I went into the woods because I wished to live deliberately, to front only the essential facts of life, and see if I could not learn what it had to teach, and not, when I came to die, discover that I had not lived.
I am not fond of Thoreau.
I think he’s a bit of a prick, really.
Have you read Walden? Full of contradictions and coming from a place of such unacknowledged privilege. To aspire to a kind of poverty tourism… while looking down on the poor…
Let’s not get into my dislike of Thoreau.
I took Friday off of work and spent the morning cleaning house while Nova rolled in the patch of dirt in our back yard. I cleaned the kitchen counters and packed our bags.
I was away last weekend for work, and I’ll be away again this week. But I wasn’t packing for that trip yet.
No, I was going into the woods.
A friend picked me up and even as the blur of a migraine aura crossed my eyes, we headed south. My eyes closed. Letting the migraine wash over me. Letting the Excedrin wash over me.
I went into the woods because I needed it.

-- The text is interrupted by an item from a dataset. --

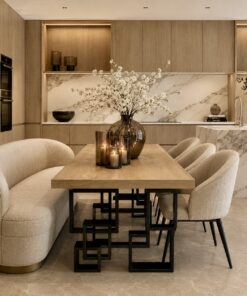 eettafel-tafel-naturel-eiken-japandi-stijl-eiken-hout-naturel-zwart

My favorite poem by Robert Frost is Build Soil: A Political Pastoral.
While I may not agree with Frost’s politics, I do agree with his metaphor. To build soil is to feed the earth. To turn the earth and mix it with compost, with air. To give it the breath and food of life that will make the soil rich and bountiful.
I went into the woods so that I could build soil.
There is a perception of selfishness around the act of withdrawal. Of discovering your campsite has no cell service and then letting your phone drain to dead on the dash while you wander in the woods. Of taking your dog and your friend and side stepping the world and going and for a night living a reality in which there is no one but you and the dog and the people you meet for fleeting moments.
How could waking up and opening your eyes and looking up to the stars be a selfish act?
How could walking the dog and eating breakfast in down parkas be a selfish act?
My favorite stanza in Build Soil is the last one, presented here. (The entire poem is here.)
Probably but you’re far too fast and strong
For my mind to keep working in your presence.
I can tell better after I get home,
Better a month from now when cutting posts
Or mending fence it all comes back to me
What I was thinking when you interrupted
My life-train logic. I agree with you
We’re too unseparate. And going home
From company means coming to our senses.
I do not go into the woods to live deliberately, although that may happen. I do not go into the woods to look at any one true life. Because there is no one true life and the best way to live deliberately is to live.
But I do go to build soil. To cultivate a space in me that is separate from you, separate from even the people I am with when I go into the woods.
And while I may reinforce the boundary line between me and you, I erase the line between me and this.
This?
This landscape. This earth. This path beneath my feet and this air that flows in gusts into my lungs. This rain as it fell and these clouds as they hovered and the rock flakes we traced with our palms. Glacial till.
In the soil metaphor, this is the organic matter. The compost, the half-chewed stalks of whatever was growing before.
(You are the rocks pulled by hand from the loam.)
This week, I leave my dog for five nights. I go back to the city a stone’s throw from where I grew up. I go back to an accent I know is under my skin and will never fully leave my throat.
So, I needed this. I needed the time away to come to my senses. To mark out the boundaries between me and you.
I went into the woods, in short, because I wished to come to my senses.